Grazie, dunque, all’ingegnoso meccanismo creato dalla fantasiosa lungimiranza dei detti fratelli Lumière si è potuta avere la prima vera e propria proiezione cinematografica pubblica avvenuta il 28 Dicembre di quell’anno al “Grand Cafè” sul “Boulevard des Capucines”, a Parigi (l’ “Arrivèe du train”).
"L'Arrivée d'un train en gare de La Ciotat (o L'Arrivée d'un train à La Ciotat)" dei fratelli Auguste e Louis Lumière
Inoltre, l’impegno di cineasti dell’epoca del muto, profuso nella riscrittura per lo schermo di opere letterarie di un certo spessore (perché, come si è accennato, proprio queste sono state le basi che hanno supportato il cinema al suo esordio), si rivelò come un malriuscito tentativo di togliere all’opera cinematografica quel carattere di provvisorietà tanto deprecato dalla “intellegentia” del tempo.

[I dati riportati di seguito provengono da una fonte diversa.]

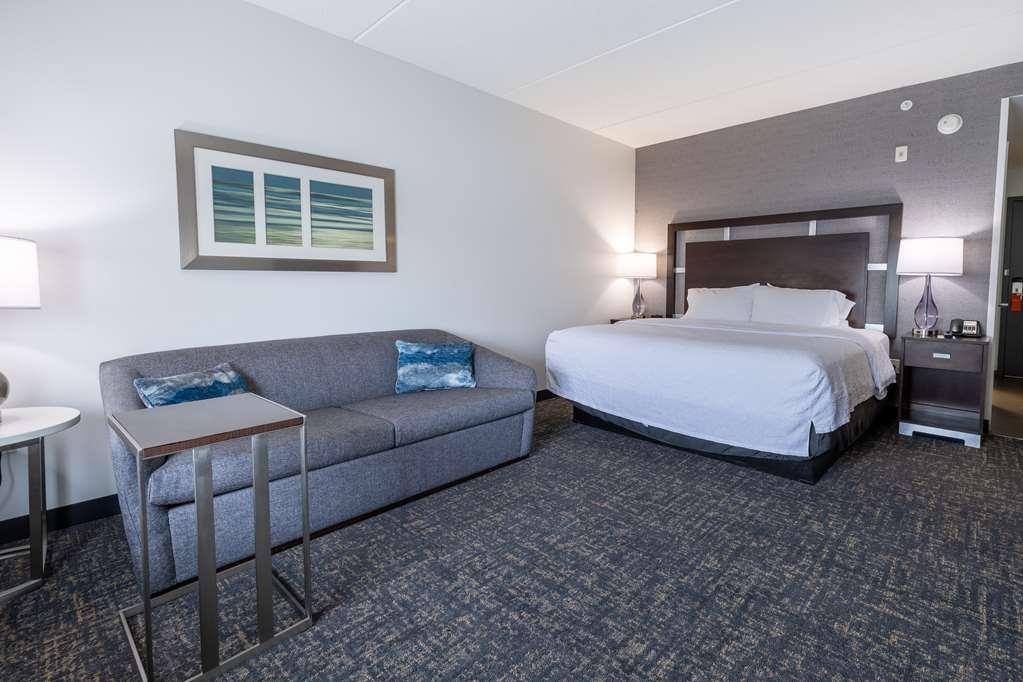 Hampton Inn & Suites Greensboro/Coliseum Area Quarto foto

Infatti la valutazione ottimale che veniva concessa al cinema era quella di un sottoprodotto dell’espressione teatrale; dimensione, quest’ultima, secondo, appunto, l’originaria imperante comune addottrinata convinzione, depositaria della vera cultura.
E gli stessi famosi scrittori che vi si accostarono lo fecero esclusivamente per ragioni di guadagno; ma non mirarono mai al cinema ritenendolo capace di poter esaltare la propria opera. Temevano, anzi, che la corrispondente riduzione per lo schermo ne pregiudicasse il valore.
Fra questi grandi non possiamo non ricordare i nomi di Gabriele D’Annunzio, di Giovanni Verga e dello stesso Luigi Pirandello.
Ma con l’affinarsi della capacità espressiva del linguaggio cinematografico e del suo stile, grazie all’impiego della specifica metrica direttamente scaturente dalle peculiarità del nuovo mezzo nel quale il montaggio rappresentava e rappresenta lo specifico filmico per eccellenza, la collettiva sfiducia degli intellettuali e dei benpensanti subì un determinante giro di boa.
Si capì, in sostanza, che la macchina “cinema”, assommando in sé praticamente tutte le altre arti ma pur conservando inalterata una propria precisa fisionomia, era perfettamente in grado di trasmettere emozioni fortissime, più di quelle che poteva ingenerare il romanzo.
Il cinema rappresenta, infatti, come tutti sappiamo, un coacervo riassuntivo della pittura, della scultura, del dinamismo plastico, dell’architettura e del teatro sintetico; per non dire di tutte le altre espressioni artistiche messe assieme.
E così (tanto per restare in Italia) a partire da film quali “Sperduti nel buio” di Martoglio e “Teresa Raquin” di Zola, entrambi portati sullo schermo dallo stesso Martoglio, la convinzione che il film fosse un autonomo fatto artistico a sé stante prese piede e creò dei capolavori.
"Sperduti nel buio" di Nino Martoglio, 1914 | "Teresa Raquin" di Nino Martoglio, 1915 |
La denominata “settima arte”, nell’era moderna universalmente conosciuta ed apprezzata, ha fatto sì che autorevoli registi del calibro dei già citati Visconti e Bolognini, di un De Sica, di un Rossellini, di un Rosi, di un Lattuada (sempre per limitarci al prodotto nostrano) e di tanti altri che ne onorarono la tradizione con opere originali appositamente create per lo schermo, abbiano preminentemente espresso la propria poetica nell’ambito squisitamente cinematografico non trascurando, tuttavia, importanti riduzioni di capolavori letterari, quali “Le notti bianche”, “Il Gattopardo”, “Lo straniero”, “Morte a Venezia”, “Giacomo l’idealista”, “Il mulino del Po”, “Il cappotto”, tanto per citarne alcuni.
Pertanto, la dimensione filmica di un’opera letteraria validamente trattata e riscritta ha ampiamente dimostrato di non risultare una trasposizione amorfa del testo originario, ma pur conservandone il significato, lo spirito e il carisma, rigenerata nella forma ma non nella sostanza, si è rivelata un prodotto nuovo, autosufficiente e senza alcuna dipendenza dal testo da cui è stata tratta.